På svenska

Presentation Information     2012-10-19 (14:15)   •  The seminar room at Vi2

Speaker Xuan Tuan Trinh
Type Master thesis presentation
Title Online Learning of Multi-class SVMs
Abstract Support Vector Machines (SVMs) are state-of-the-art learning algorithms for classification problems due to their strong theoretical foundation and their good performance in practice. However, their extension from two-class to multi-class classification problems is not straightforward. While some approaches solve a series of binary problems, other, theoretically more appealing methods solve one single optimization problem. Training SVMs amounts to solving a convex quadratic optimization problem. But even with a carefully tailored quadratic program solver, training all-in-one multi-class SVMs takes a long time for large scale datasets. We first consider the problem of training the multi-class SVM proposed by Lee, Lin and Wahba (LLW), which is the first Fisher consistent multi-class SVM that has been proposed in the literature and has recently been shown to exhibit good generalization performance on benchmark problems.
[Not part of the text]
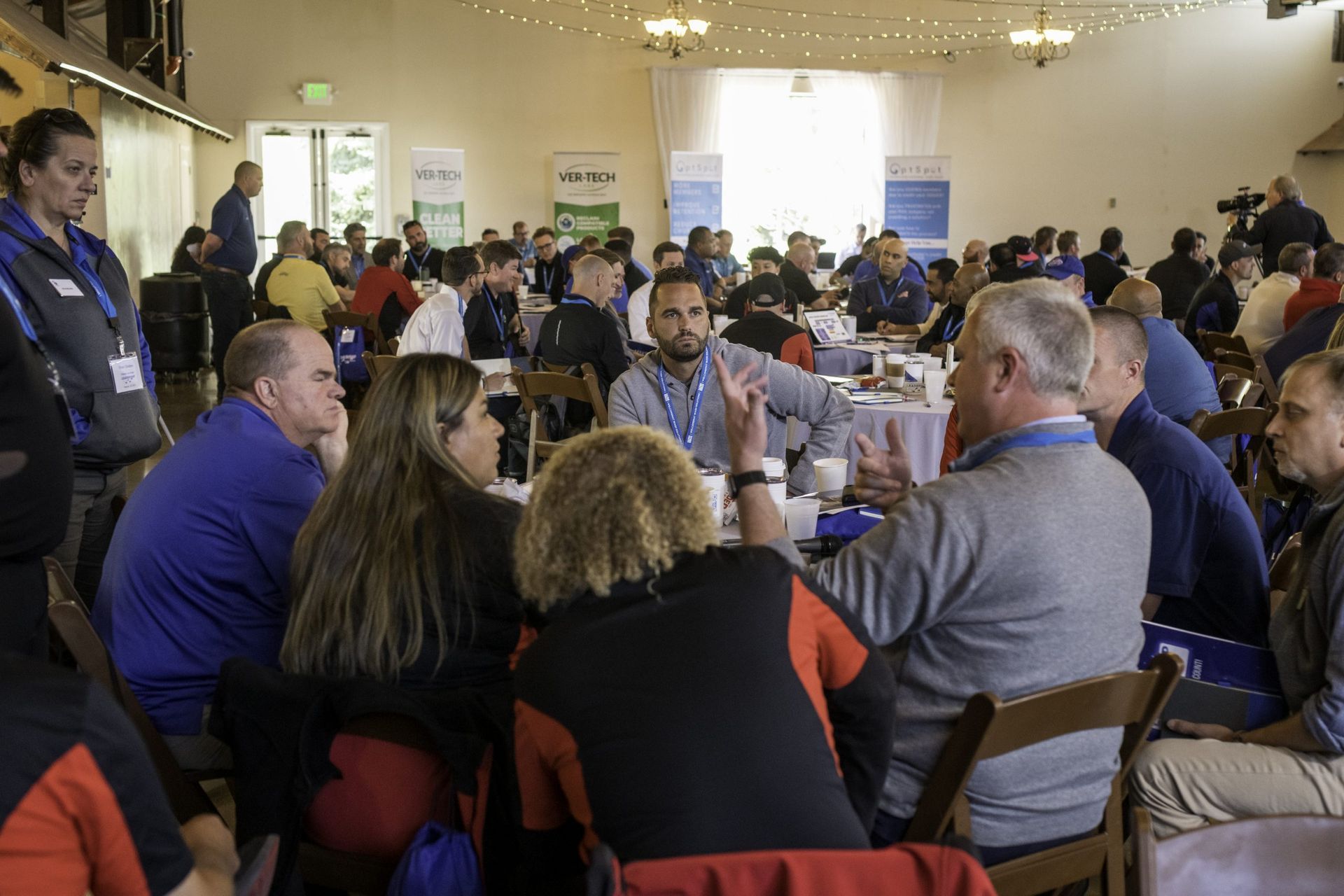 A large group of people are sitting at tables in a large room.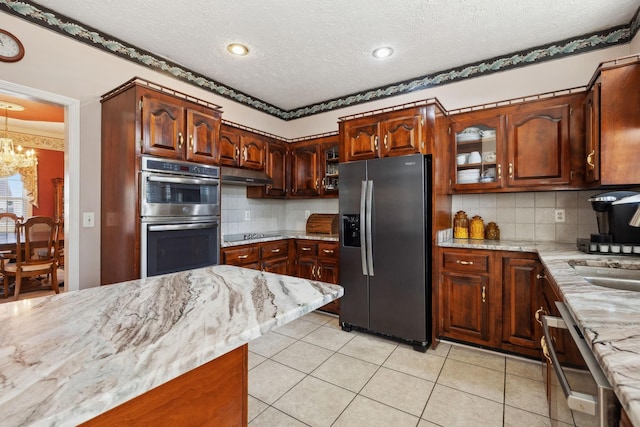 kitchen with light tile patterned floors, under cabinet range hood, stainless steel appliances, light stone countertops, and glass insert cabinets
Inspired by previous work on online optimization of binary and multi-class SVMs, a fast approximative online solver for the LLW SVM is derived. It makes use of recent developments for efficiently solving all-in-one multi-class SVMs without bias. In particular, it uses working sets of size two instead of following the paradigm of sequential minimal optimization. After successful implementation of the online LLW SVM solver, it is modified to also support the popular multi-class SVM formulation by Crammer and Singer. This is done using a recently established unified framework for a larger class of all-in-one multi-class SVMs. This makes it very easy to in the future adapt the novel online solver to even more formulations of multi-class SVMs. The results suggest that online solvers may provide for a robust and well-performing way of obtaining an approximate solution to the full problem which constitutes a good trade-off between optimization time and reaching a sufficiently high dual value.